ミステリを読む 専門書を語るブログ

「ほしいつ」です。専門書ときどき一般書の編集者で年間4~6冊出版しています。しかしここは海外ミステリが中心のブログです。

『アメリカ銃の秘密』エラリー・クイーン、越前敏弥、国弘喜美代訳、角川文庫、1933、2014ーーフェアでないことをフェアにしようとした作品

 「国名シリーズ」の第6作めの作品。わたしはミステリをクリスティから謎解き小説を広げ、それからハードボイルド、冒険小説などに移っていったのですが、謎解き小説中心時代でクイーンは半分ぐらい読んで通り過ぎてしまいました。ですので、「国名シリーズ」は前半くらい読んで、本書はおそらく初めて。「おそらく」というのは内容は忘れてしまっているので……。

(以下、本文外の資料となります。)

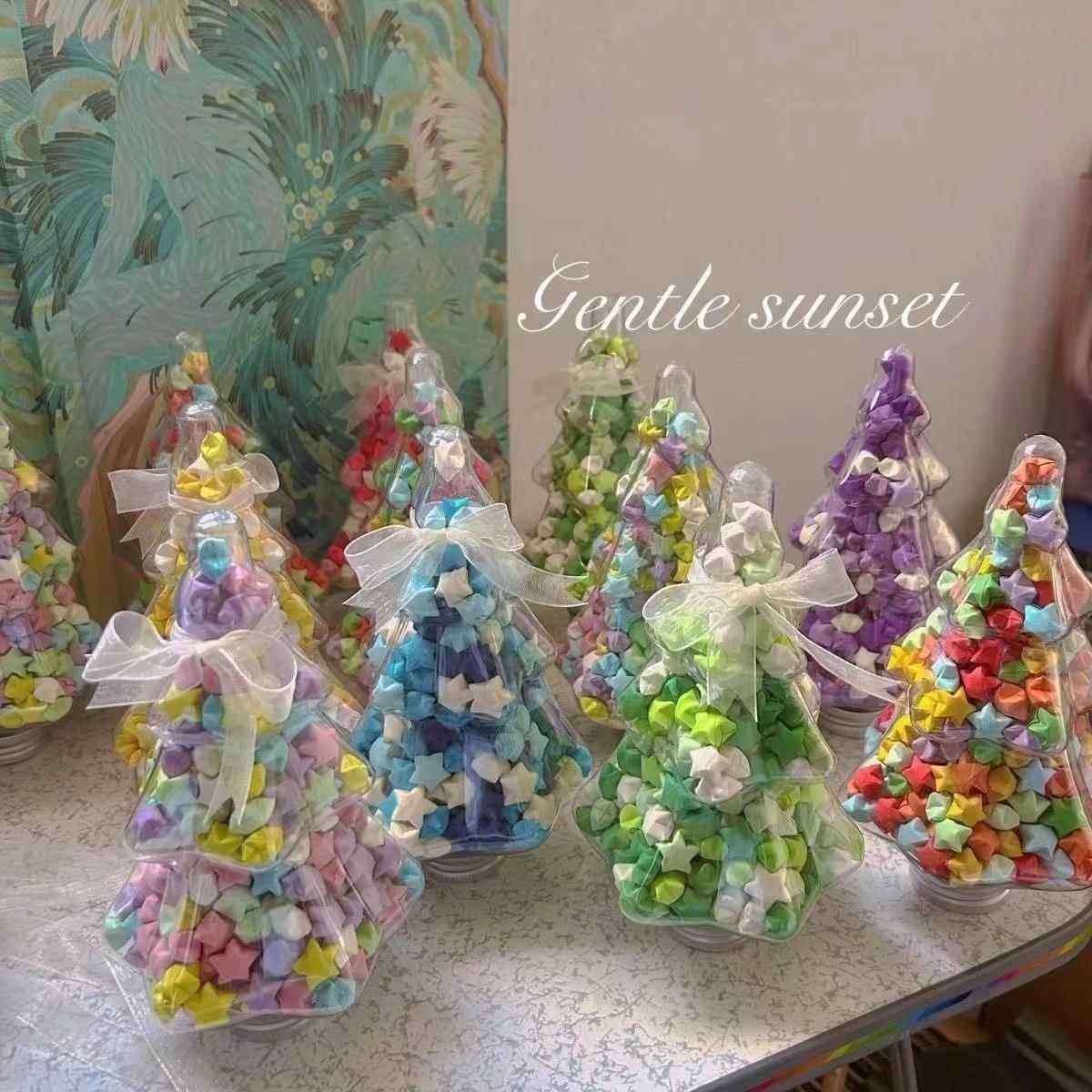 渐变色圣诞树星瓶幸运之星折纸DIY星急救瓶圣诞高价值手工礼物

 今回このシリーズに手を出したのは、角川書店で新訳、そして大きな活字で出版されたのが大きいですね。カーは旧訳のまま、活字は小さいままで、読み進めるのがキツイキツイ……。

 冒頭で「アメリカ銃の秘密(ロデオでの死)ーーある推理の問題」(3頁より)と書かれている通り、2万人の観客を集めたロデオ・ショーにおいて、映画スターのホーンが馬に乗って会場を回ったところ、馬上で銃殺された。ショーに来ていたクイーン父子は殺人事件として捜査を始める。この大勢の観客が容疑者と考え、凶器の銃を持っているか所持検査をしたが見つからなかった。銃はどこに消えたのか、犯人を絞ることができるのか?

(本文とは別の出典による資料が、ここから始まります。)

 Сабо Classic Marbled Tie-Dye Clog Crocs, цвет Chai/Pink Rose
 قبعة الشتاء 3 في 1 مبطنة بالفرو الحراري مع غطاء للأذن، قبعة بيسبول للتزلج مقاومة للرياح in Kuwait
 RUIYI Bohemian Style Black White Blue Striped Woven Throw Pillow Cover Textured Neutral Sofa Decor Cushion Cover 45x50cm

 トリックは、殺されたホーンが犯人であるという一人二役パターンでした。しかし、遺体の顔がきれいだったこと、殺された男の娘が父親であることを確信したことから、その可能性を考えなかったわたしとしては、フェアではないと思って少し納得できませんでしたね。しかし、そんなことはクイーン自身でもわかっていたわけで、フェアでないということを推理できる作品として、それに挑戦したということでしょうか。というわけで、☆☆☆★というところです。